Repeat the listing exactly. Do not carry over any pictures.

* **THE DATA**

--------------------------------------------------

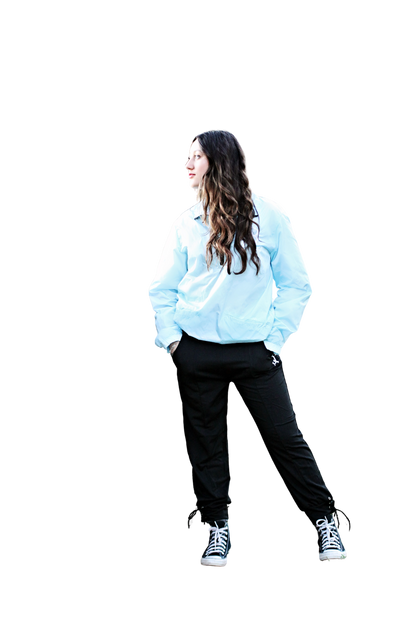Rihanna showcasing the Boss Ambitionz Urban Breeze Windbreaker
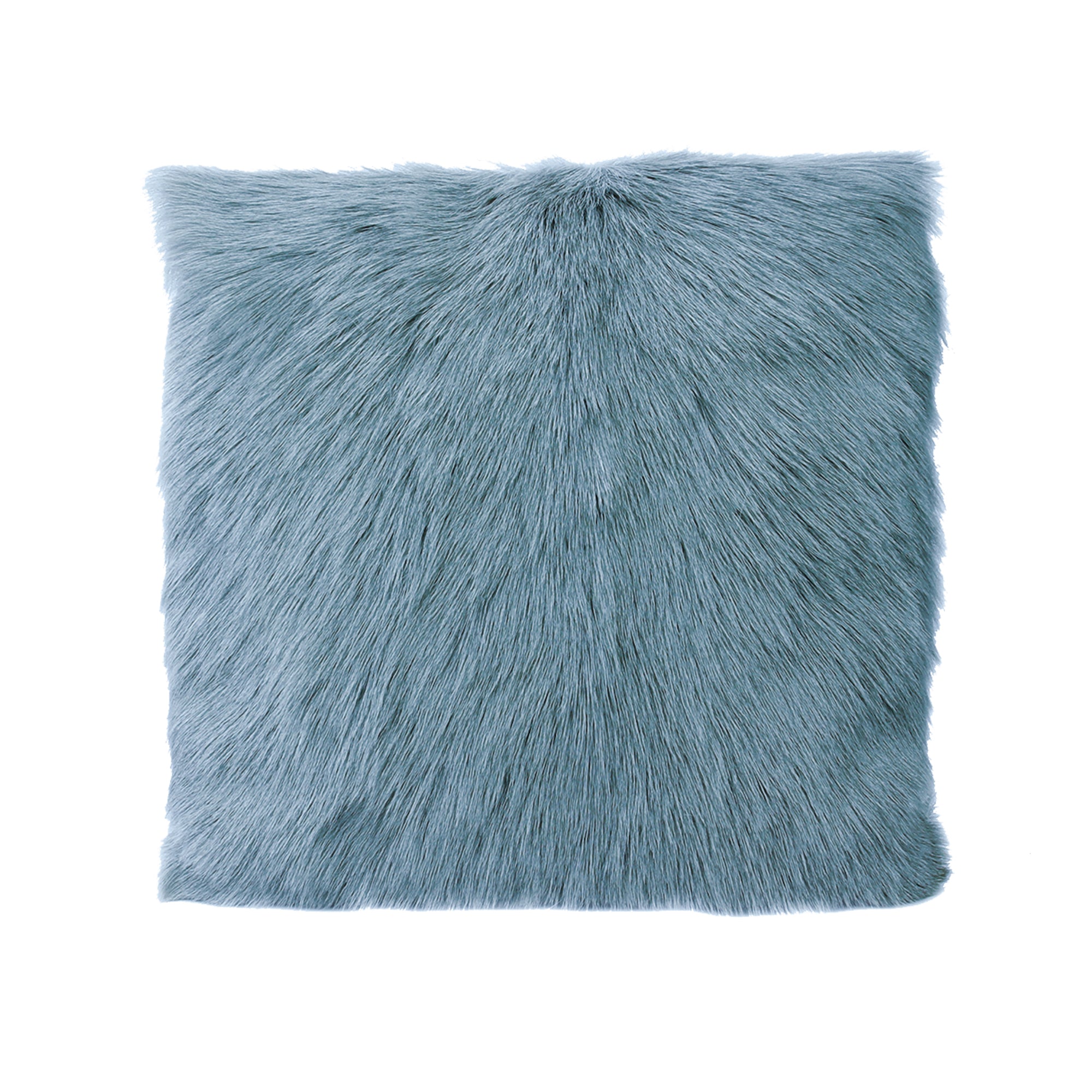 Goat Fur Cushions | Smoke Blue | 50 x 50cm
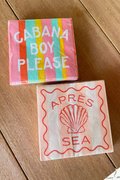 Aprés Sea Cocktail Napkins-20 Count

--------------------------------------------------

* **WRITTEN REPLY**
Rihanna showcasing the Boss Ambitionz Urban Breeze Windbreaker
 Goat Fur Cushions | Smoke Blue | 50 x 50cm
 Aprés Sea Cocktail Napkins-20 Count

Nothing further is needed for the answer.